June 22, 2009
Do It, Don't Blog It
Does all our online chatter about being missional keep us from being missional?
I was a guest speaker at a church, waiting for my time to go up to the platform. That's when I saw something curious. The staff person responsible for coordinating the worship service was busy typing away on her laptop. Perhaps a last minute change to the PowerPoint, I thought. But as I walked behind her, I saw that she was consumed with typing a message on someone's Facebook wall. It felt out of place to me, given that she was the person responsible for leading God's people in worship but she seemed mentally someplace else.
I had a similar experience while visiting a Christian college. Sitting in the back of the classroom, I noticed that about a third of the students were surfing Facebook or MySpace while the professor was passionately teaching the New Testament. He probably assumed they were busy taking notes.
I cannot be too hard on the worship coordinator or the college students. I've noticed the same tendency in myself lately. A few Sundays ago, I was heading home after preaching three times. I was tired and looking forward to opening my laptop and reading my favorite blogsÃ‘particularly ones focused on missional theology and leadership. Just then I received a text message from a friend. He was inviting me to a club to see a band with a number of non-Christians, including one I had been trying to build a relationship with.
I suddenly faced a decision. Do I go home and read blogs about being missional, or do I go to the club and actually be missional? It sounds like an easy decision, but it wasn't. In all honesty, part of me truly wanted to go to the comfort of home and just sit in front of my laptop.
That moment forced me to begin reflecting on how much time I spend on blogs, Twitter, Facebook, and other online social networking sites. I wondered, If I spent less time online, could I be spending more time building friendships? Have I become so consumed with reading about mission that I've forgotten to actually engage it? As these questions arose, I started to get uncomfortable.

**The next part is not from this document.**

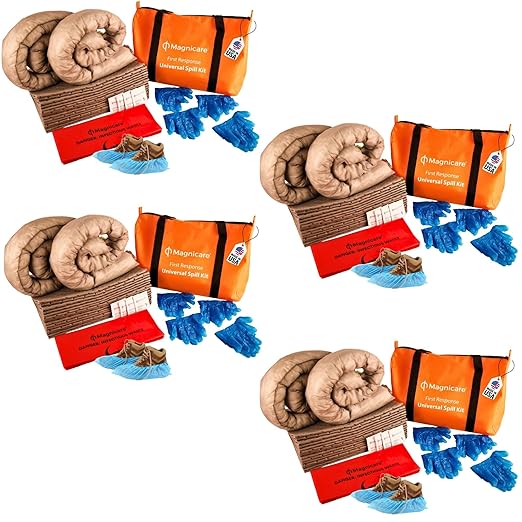 Universal Spill Kit OSHA Approved (4 Pack) - Biohazard Clean up Kit for Oil, Water & Chemicals | Absorbent Pads, Socks, PPE, Biohazard Bags in Bright Orange Duffel Bag - 4 Pack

Don't misunderstand me. I find blogs quite encouraging. I've learned a lot about missional living by reading insightful bloggers. I have even gotten reacquainted with non-Christian friends from years ago on Facebook. But in truth, the bulk of my Facebook time is spent conversing with Christian friends and other church leaders. And most of the missional discussion I read online does not include stories of people coming to faith, but theoretical definitions and debates about what being missional actually means.

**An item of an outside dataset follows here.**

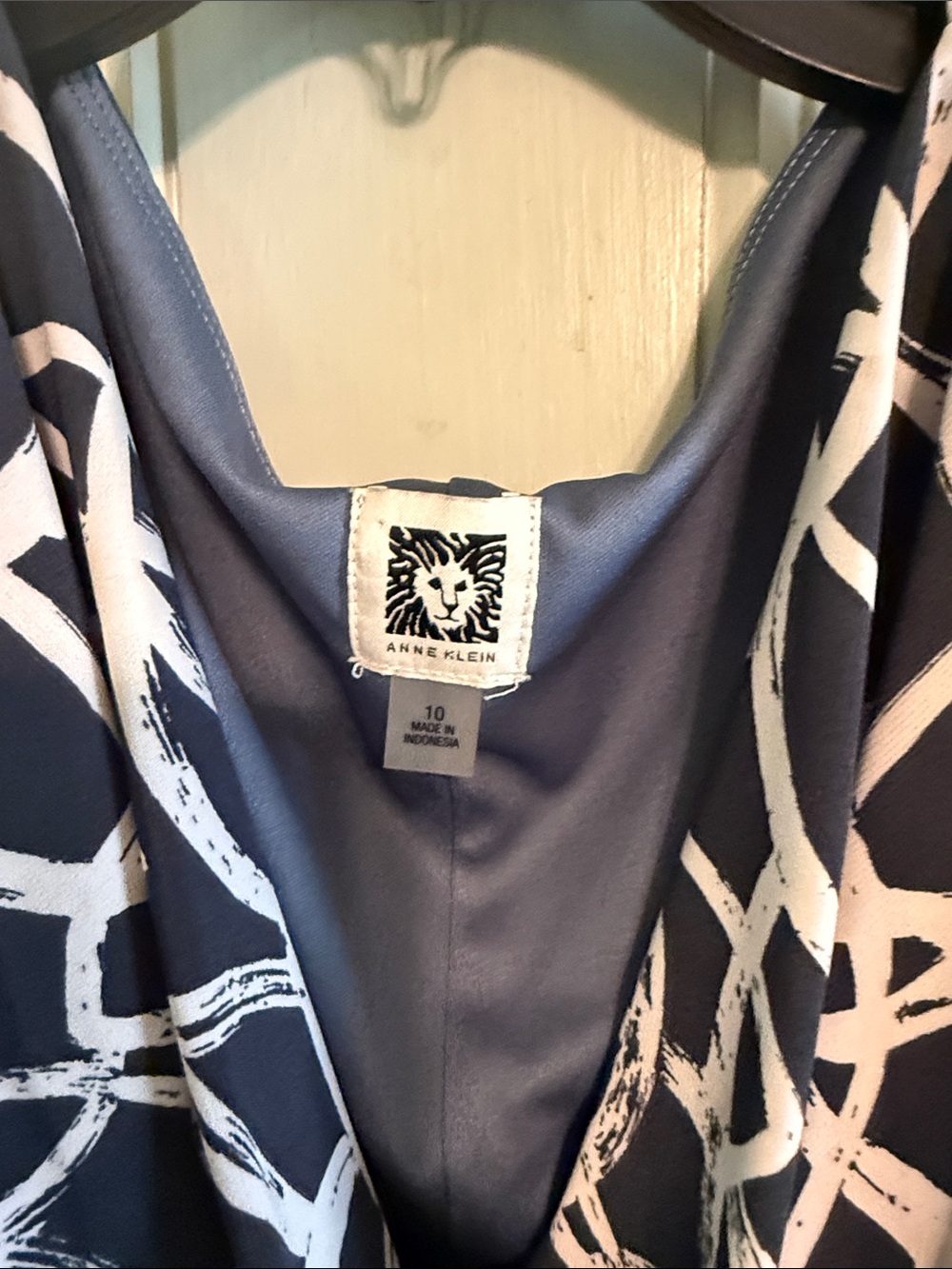 Anne Klein gray and White Cowl Neck Midi Dress - Picture 2 of 3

Theories and definitions and debates are good, and they have their place, but could they be getting in the way of actually being on mission? After reflecting on my own habits, I concluded that in my life they were. I realized that I had subtly gotten drawn into the very thing I found so troubling about the Facebooking worship leader and the inattentive college students. I still read blogs and write one, too. But I'm trying to be much more intentional about finding balance and keeping my priorities right.
After wrestling with whether to go home and blog or go to the club and engage with my non-Christian friend, I finally came to the right decision. When I walked into the club, my friend saw me and immediately brought over a drink. We caught up on life, and after the show, he thanked me multiple times for coming. When his tour ends, we have plans to spend more time together. A friendship was deepened and an opportunity for the gospel was expanded, all because I chose to be missional rather than just blog about it.